Do mito à literatura, uma nova tradução de Meletínski

Por Rafael Bonavina

Eleazar M. Meletínski, meados de 1950. Foto: Lidia Iakovlevna Guinzburg.

 
Recentemente foi lançada uma nova tradução da obra do importante pesquisador russo Eleazar M. Meletínski (1918–2005) que complementa o seu material já publicado no Brasil. Meletínski foi um dos mais importantes estudiosos da poética histórica e da relação entre literatura e mito, seus livros continuam editados na Rússia e no mundo até hoje e são amplamente lidos pelo público interessado. O reconhecimento da sua contribuição para o campo fica evidente pela honrosa homenagem da Universidade Estatal Russa de Humanidades (RGGU), que deu seu nome ao Instituto de Estudos Superiores de Humanidades (IVGI).
 
No Brasil, a obra de Meletínski já conta com uma importante tradução para o nosso idioma do livro Os arquétipos literários (originalmente publicado em 1994), ainda usado como bibliografia fundamental para muitas disciplinas e cursos universitários.

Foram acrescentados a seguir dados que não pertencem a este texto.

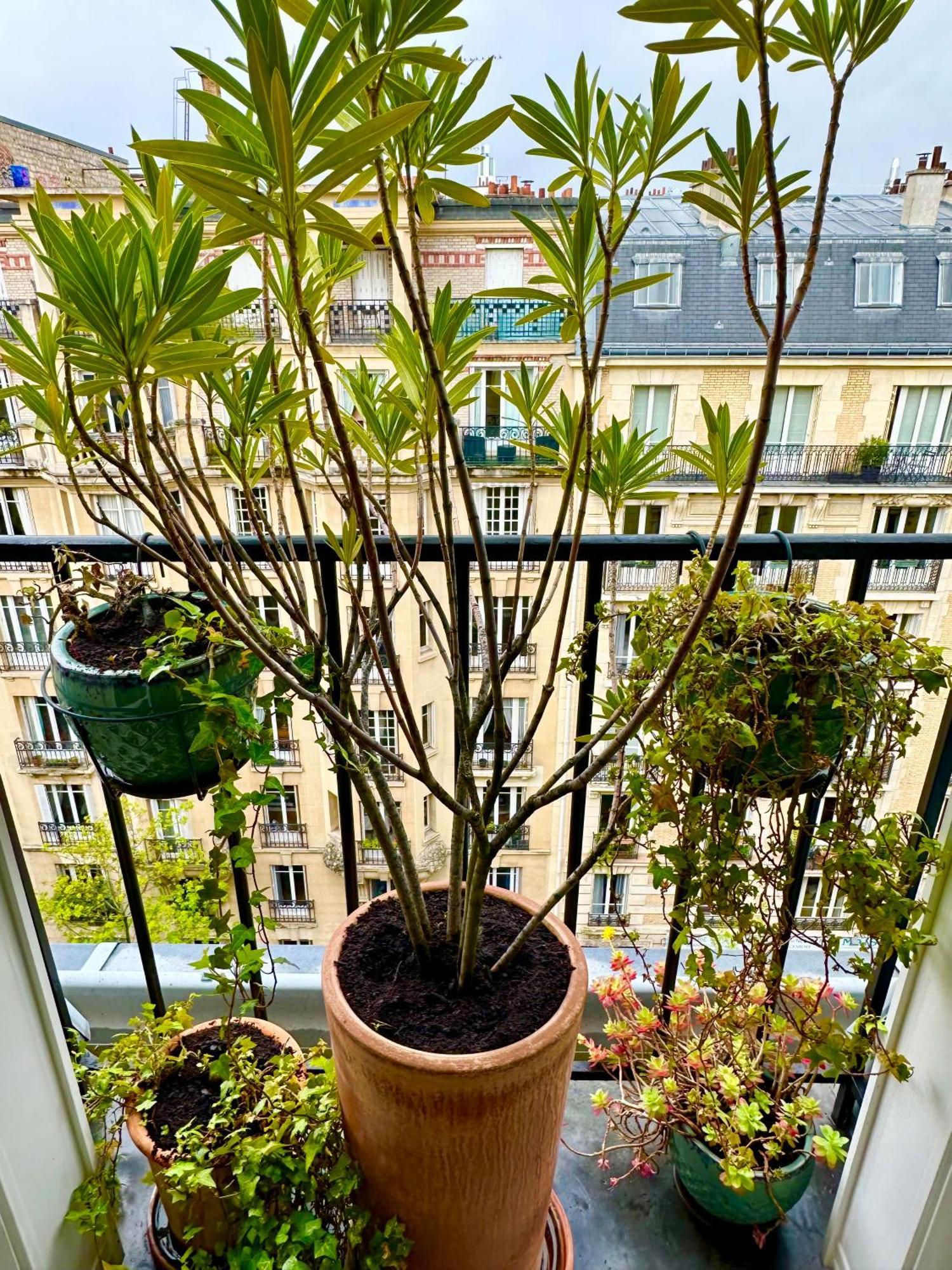 Appartement Lovely Cosy - 16th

Apesar de ser relativamente curto, o livro consegue criar um panorama bastante amplo da relação entre o mito e a literatura, encontrando as raízes mitológicas de alguns personagens típicos; por exemplo, os pícaros e malandros, cujas raízes estão, segundo Meletínski, no trapaceiro mítico (trickster). Além de Os arquétipos, alguns de seus artigos também já foram traduzidos para o português e se encontram publicados em revistas acadêmicas, como a Revista RUS, em especial os que se dedicam especificamente à transformação do mito em literatura, como o par de ensaios “Conto e mito” e “Mito e conto”.

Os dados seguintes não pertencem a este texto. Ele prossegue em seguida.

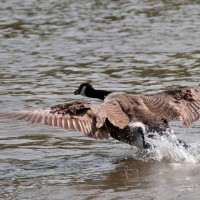 Canada Goose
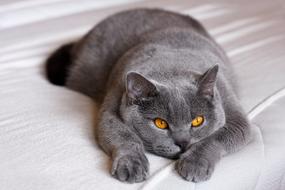 british shorthair Mammal Animal World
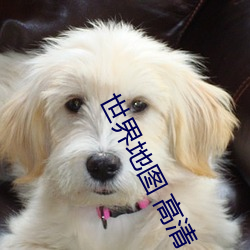 世界地圖 高清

Um dos mais significativos, e talvez o mais importante, livro escrito por Meletínski já foi trazido para o Brasil em 1987 pela editora Forense Universitária, com tradução de Paulo Bezerra, sob o título A poética do mito. Nesse longo e detalhado estudo, o pesquisador soviético busca esmiuçar algumas permanências das mitologias antigas na literatura, incluindo aí tanto a popular quanto a erudita. Para isso, o seu autor começa fazendo uma revisão ampla e profunda das várias abordagens acadêmicas do mito, o que chamaríamos hoje de estudo de estado da arte. Seu olhar experiente ora faz críticas pontuais, agudas e pertinentes, ora as elogia sem exagerar suas qualidades. Depois disso, nas duas partes seguintes do livro, o estudioso soviético focaliza sua atenção na literatura: primeiro o caminho de sucessivo afastamento do mito que a literatura toma até o século XX, processo do qual falaremos um pouco adiante; e, na seguinte, aborda as razões e consequências da transformação operada pelo Modernismo no percurso da arte até ali.
 
Embora Meletínski utilize uma linguagem bastante didática para um tema tão complexo, e a tradução mantenha esse traço, é possível que seja imediatamente evidente o que nos leva de um personagem como o Jabuti das narrativas indígenas até Pedro Malasartes ou Leonardo Pataca, do romance Memórias de um sargento de milícias. De fato, não seria totalmente correto afirmar a existência de uma linha sucessória entre essas figuras; por outro lado, não podemos deixar de notar que há algo em comum entre todos eles, um traço fundamental que os perpassa e, em grande medida, define.
 
Voltando a Os arquétipos literários, seu mérito é justamente o de tentar explicar essa relação complexa entre os personagens, e sua conclusão, em linhas gerais, é que os personagens podem não ter uma relação direta, frutos de sociedades muito diferentes entre si, mas são tipos que representam manifestações de um mesmo arquétipo, que é, por sua vez, a abstração de um grande modelo reproduzido em escala menor nessas figuras. Para isso, além dos estudos literários e folclóricos, o pesquisador também recorre à psicanálise, principalmente a baseada em Jung, autor cuja obra Meletínski conhece em profundidade.
 
Ao mesmo tempo em que Os arquétipos nos coloca diante de um sistema de pensamento que explica, em grande medida, as semelhanças entre esses personagens, a atemporalidade dessa perspectiva não nos permite compreender as diferenças entre eles por completo. Um dos traços mais claros que os distingue talvez seja a magia, isso é, no grau de poder de que os personagens dispõem. Em suma, os tricksters míticos são capazes de lançar mágicas, transformarem-se em animais e objetos, encantar seus rivais etc. Já as versões mais modernas do mesmo arquétipo, como Pedro Malasartes, não possuem qualquer tipo de poder mágico, apenas sua astúcia e, às vezes, alguma sorte.
 
Seria possível atribuir essa mudança à crescente influência do realismo na literatura e, em parte, a afirmação estaria correta, uma vez que Malasartes ou Cancão de Fogo são pintados com uma paleta mais realista, por assim dizer, do que suas contrapartidas mitológicas. Por essa lente, de fato, conforme nos aproximamos do realismo, a presença da magia na literatura se torna cada vez menos central. No entanto, não é raro encontrar histórias de astutos que se defrontam com todo tipo de demônio e seres sobrenaturais que, por sua vez, possuem poderes mágicos; pelo contrário, o procedimento é bastante comum e visa demonstrar que o protagonista é tão astuto que consegue enganar o Pai da Mentira, um ser que é astuto por definição. A presença desse motivo na literatura oral, é o que o sistema Aarne-Thompson conta com a categoria do Diabo Logrado na sua classificação de contos populares.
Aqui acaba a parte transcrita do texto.